Greater Harrisburg's Community Magazine

Citizen’s group proposes Riverfront Park monument to honor prominent African Americans

Harrisburg’s Riverfront Park is dotted with historical monuments, but none of them honor African Americans.

A group of citizens hopes to change that.

Members of the Peace Promenade Project are asking city hall to green-light Harrisburg’s first monument to African Americans, which they hope to erect near the corner of Forster and Front Streets by June 2019.

Their proposal calls for a life-size tableau of four Pennsylvania abolitionists and voting-rights advocates: Thomas Chester, a Harrisburg-born journalist and attorney; William Howard Day, the first black school board director in Pennsylvania; Jacob Compton, a pastor who drove Abraham Lincoln’s carriage during his visit to Harrisburg; and Frances Harper, a poet and women’s rights activist.

All except Harper lived in Harrisburg and are buried in Lincoln Cemetery in Penbrook.

The monument would testify to the city’s African-American history and honor the 15th amendment of the U.S. Constitution, which granted African-American men the right to vote. (Women would not get the right to vote until the 19th amendment passed in 1920.)

“This is an American monument that represents the continuing struggle for the full fulfillment of the 15th amendment,” said Lenwood Sloan, leader of the Peace Promenade Project, which aims to rededicate Harrisburg’s public monuments through a yearlong event series.

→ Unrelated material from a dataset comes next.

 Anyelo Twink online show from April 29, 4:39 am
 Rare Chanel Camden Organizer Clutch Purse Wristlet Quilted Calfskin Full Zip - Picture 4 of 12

Kelly Summerford, another project leader, said that the monument would also offer local students an opportunity to learn about abolition and voting rights.

Mayor Eric Papenfuse said he met with the project leaders and enthusiastically supports the project. He also offered to help the group pursue a gaming grant from Dauphin County.

City Council President Wanda Williams also pledged her full support at tonight’s legislative session.

The Peace Promenade group, which counts more than 200 members and 40 supporting organizations, plans to fund the monument through public support, corporate donations and individual giving. They did not announce an anticipated budget.

According to Summerford, the group plans to follow a process used by the Pennsylvania Council of the Arts to commission an artist and develop a design.

They hope to install the monument by “Juneteenth” 2019 – the anniversary of June 19, 1865, the official announcement of the end of slavery in the former Confederacy.